Alors que ces derniers jours des témoignages de personnes ayant subit des violences incestueuses ont afflué sur les réseaux sociaux sous le hashtag #MeTooInceste, l’association Face à l’Inceste accélère sa mobilisation pour y apporter une réponse juridique.

Le viol est quelque chose qui détruit profondément et durablement la personne attaquée, c’est d’autant plus traumatisant lorsque cette intrusion intime se produit à un âge où l’on ne conçoit pas ou que très vaguement la sexualité. Ces phénomènes traumatiques peuvent aller de la dissociation à une sorte d’amnésie.

C’est ce que la psychiatre française Muriel Salmona met en lumière dans ses travaux, et tente de faire reconnaître depuis des années aux côtés des victimes de pédophilie et d’inceste avec son association Mémoire traumatique et victimologie.

C’est cette « perte de mémoire » qui pousse ces associations à demander l’imprescriptibilité de ces crimes.

Avec cette vidéo, l’association Face à l’Inceste souhaite sensibiliser à la nécessité d’établir un âge de présomption de non-consentement. Car à l’heure actuelle on peut considérer que si l’enfant ne dit pas non, ne se débat pas, à 6 ans, à 9 ans, à 13 ans, à 15 ans… C’est qu’il est consentant, que c’est une forme d’amour, comme ont pu le défendre l’ignoble « gauche » libérale libertaire sauce Libération des années 1970. Cette notion du consentement est déjà parfois compliquée à établir dans des cas concernant les adultes, alors chez l’enfant la notion est d’autant plus inappropriée.

Selon les mots de l’association :

« La campagne a pour objectif d’inviter les Français à signer une pétition pour changer la loi. En se plaçant à hauteur d’enfant, le film entièrement réalisé en animation soulève la violence de la question du consentement et fait prendre conscience au spectateur combien le cadre légal peut entretenir le cauchemar physique et psychologique que vivent les enfants. »

Voici la vidéo et en dessous, le texte de la pétition.

« Aucun(e) mineur(e) ne saurait consentir à une relation sexuelle incestueuse.
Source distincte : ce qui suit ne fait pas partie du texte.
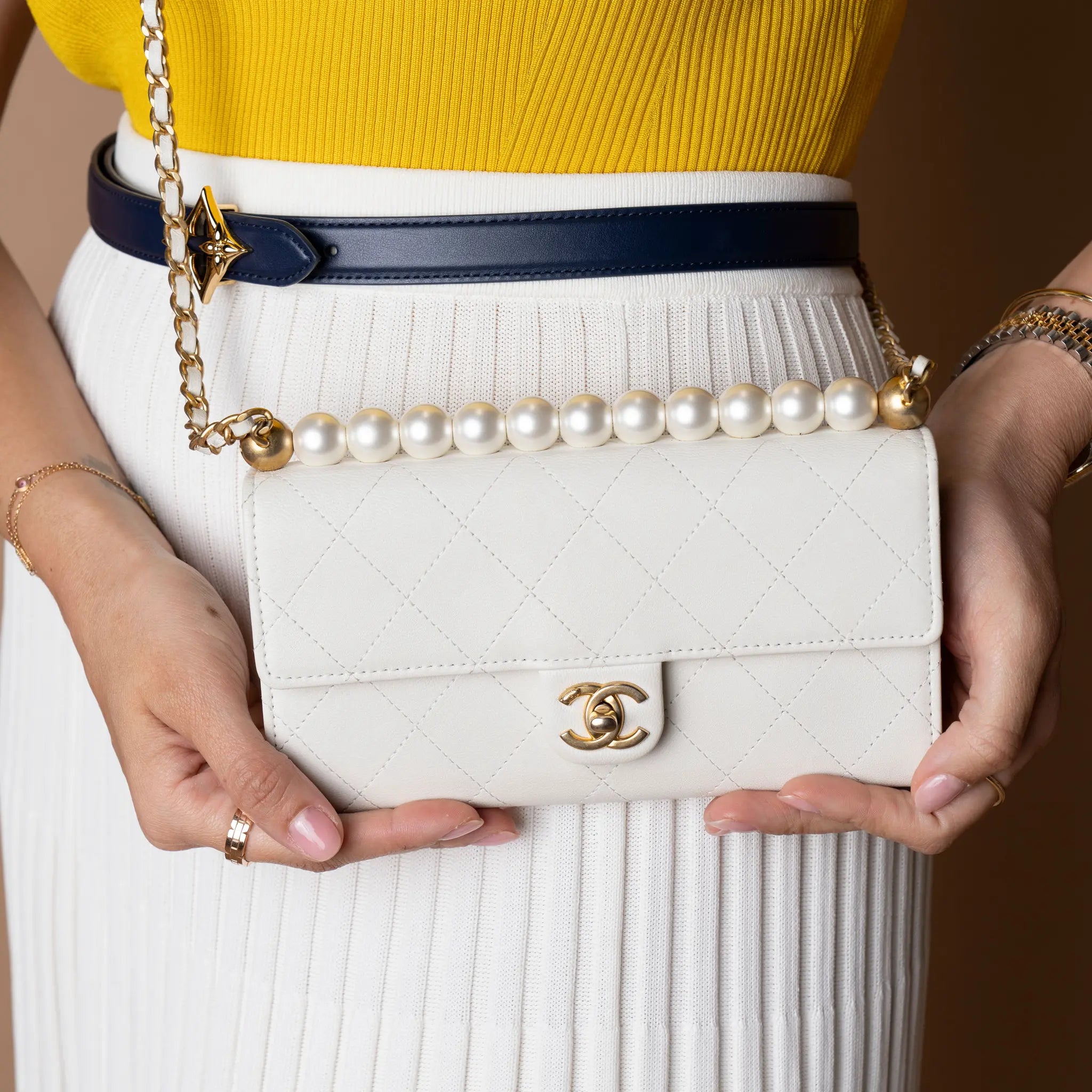 Chanel CC Quilted Goatskin Chic Pearls Wallet on Chain — Side Profile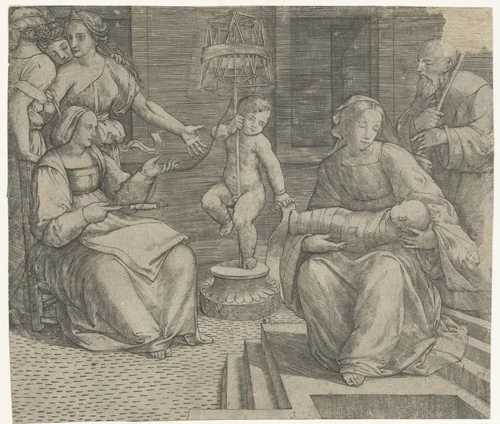 Heilige Familie met Elisabeth en Johannes de Doper by Giacomo Francia, print, 1490-1557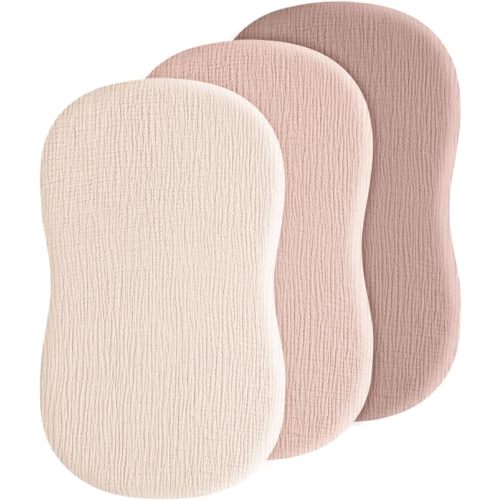 Baby Bassinet Sheets 3 Pack for Boys & Girls, Soft Breathable Muslin Cotton Bassinet Mattress Cover, Universal Fit for Hourglass, Oval, and Rectangle Mattress (Daisy Petal)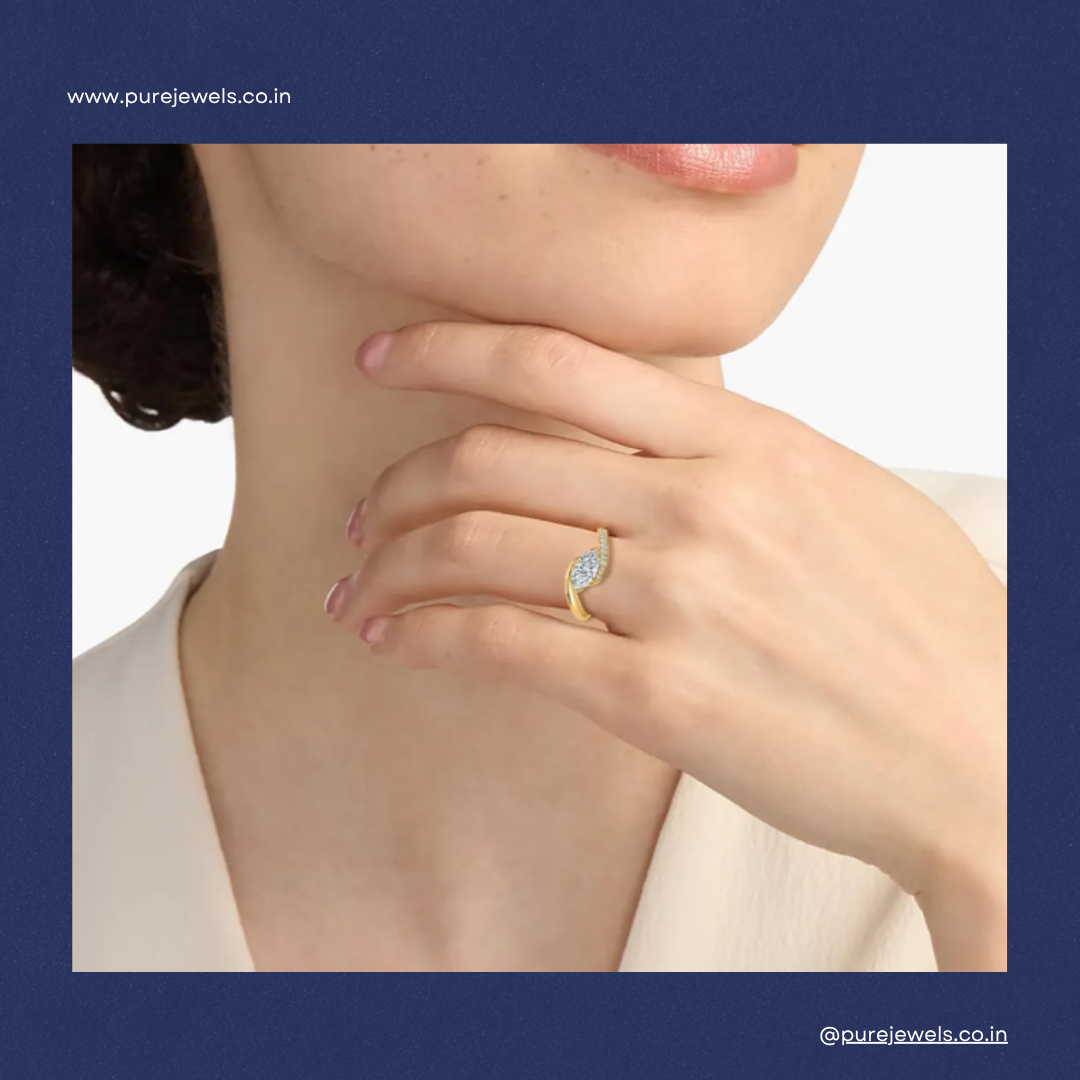 Lab-grown diamond ring for a Maa-to-be woman to wear at Godh Bharai rasam in India.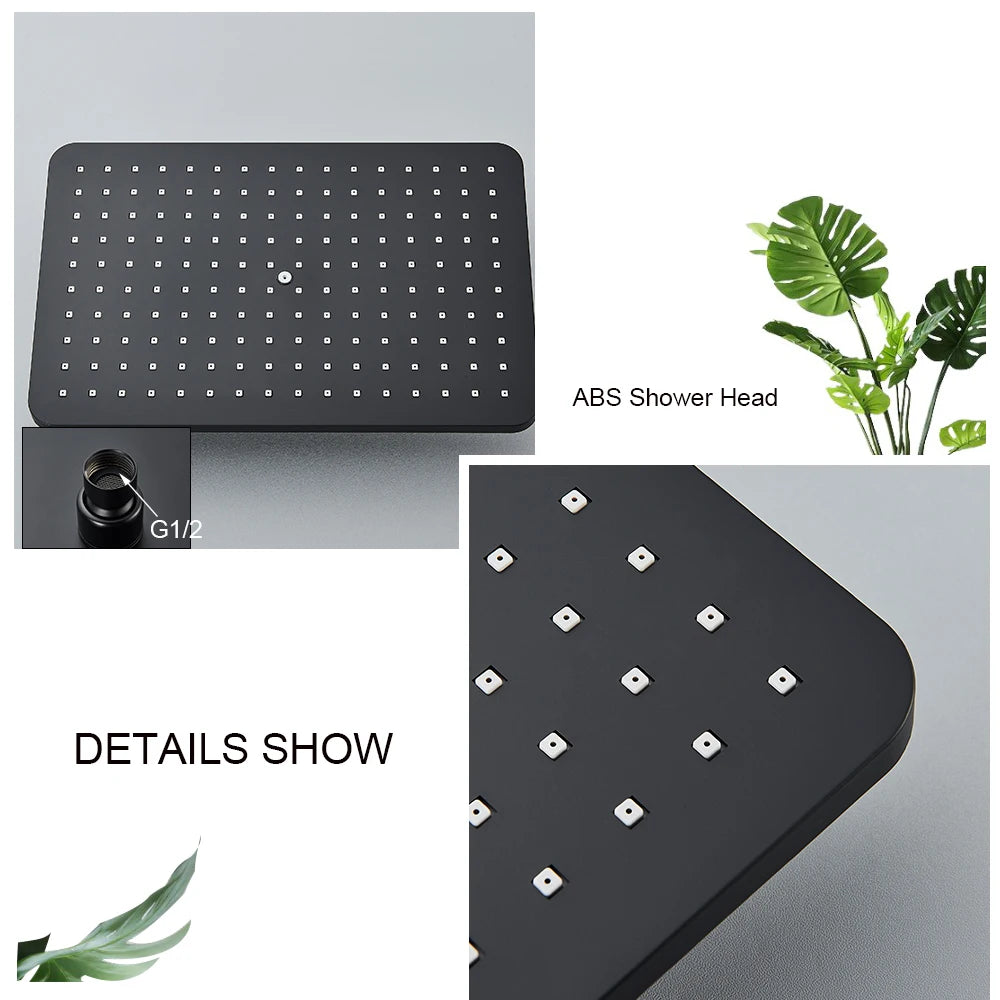 Shower Faucet Rainfall 3/4-Ways Bathtub Tap Bathroom Shelf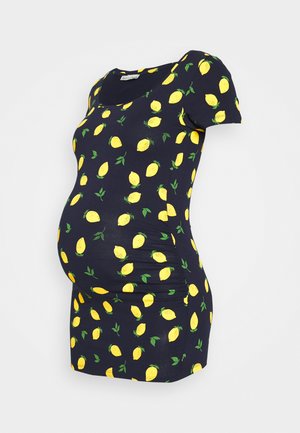 T-shirt con stampa - dark blue/yellow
Il est temps de changer la loi pour qu’elle prenne en compte les spécificités de l’inceste et qu’elle protège tous les enfants contre la pédocriminalité.

10% des Français soit 6,7 millions de personnes ont subi l’inceste selon un sondage Ipsos du 5/11/2020 pour l’association « Face à l’Inceste ». L’inceste représente les trois quarts des violences sexuelles sur mineurs et pourtant le mot « inceste » reste tabou, ce qui empêche la France d’adopter une véritable politique de prévention afin de protéger les enfants de ce fléau de santé publique.

Dans la loi française, un enfant qui porte plainte pour un viol ou une agression sexuelle de nature incestueuse doit prouver que l’acte a été commis avec menace, violence, contrainte ou surprise, autrement dit qu’il n’était pas « consentant ».Pour un enfant survivant de violences sexuelles et qui a déjà le courage de dénoncer ce qu’il subit, s’entendre poser la question de son « consentement » par les autorités judiciaires est d’une violence extrême. Cela sonne comme une remise en question de sa parole, ou pire, cette question induit qu’il est responsable de la situation, qu’il a bien cherché ce qui lui est arrivé.

Ainsi, au cauchemar de l’agression sexuelle succède le cauchemar de se voir poser cette question de son « consentement » impossible à l’inceste. Les agresseurs ont tout intérêt à plaider le « consentement » de l’enfant car cela permet de requalifier le viol en « atteinte sexuelle sur mineur » en minimisant les peines encourues de 20 ans à 10 ans. La structure du Code Pénal encourage cela. Le procès de l’agresseur devient donc celui de l’enfant victime !

Malgré les promesses faites par le gouvernement lors du vote de la « Loi Schiappa » sur les violences sexuelles du 3 août 2018, un enfant de tout âge peut encore être considéré comme consentant. Ainsi le tribunal de St Malo, en septembre 2019, a condamné un père incestueux pour « atteinte sexuelle » sur sa fille de 4 ans ! La peine prononcée (8 mois avec sursis, 1€ de dommages et intérêts) montre à quel point certains juges minimisent la gravité du crime d’inceste et de ses conséquences.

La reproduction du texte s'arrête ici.